*** Begin section ***

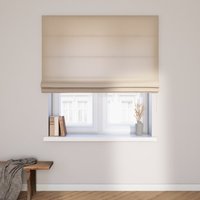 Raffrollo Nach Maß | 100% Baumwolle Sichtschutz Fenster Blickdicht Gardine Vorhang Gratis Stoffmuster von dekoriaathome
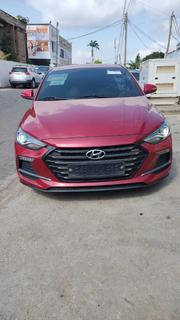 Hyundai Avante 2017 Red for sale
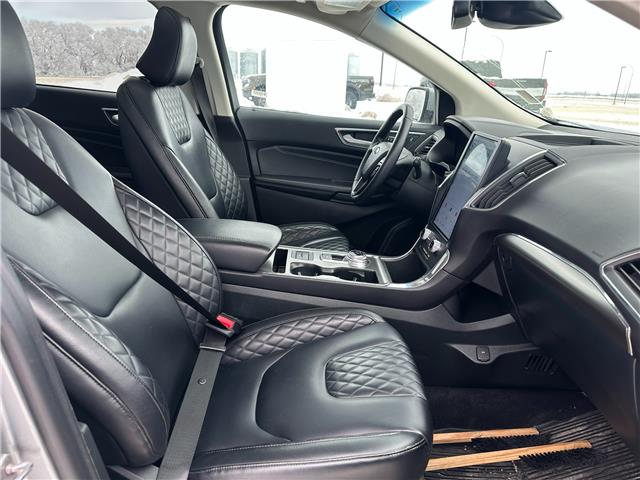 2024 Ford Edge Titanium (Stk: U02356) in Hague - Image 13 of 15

*** End section ***
*** Begin section ***

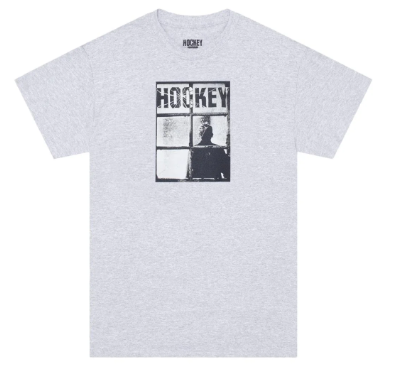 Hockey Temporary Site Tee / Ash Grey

*** End section ***

# Work item:
From the records above, transcribe only the stretch from the line with "Hyundai Avante 2017 Red for sale" through the line with "2024 Ford Edge", keeping both ends. Omit pictures.

# Task result:
 Hyundai Avante 2017 Red for sale
 2024 Ford Edge Titanium (Stk: U02356) in Hague - Image 13 of 15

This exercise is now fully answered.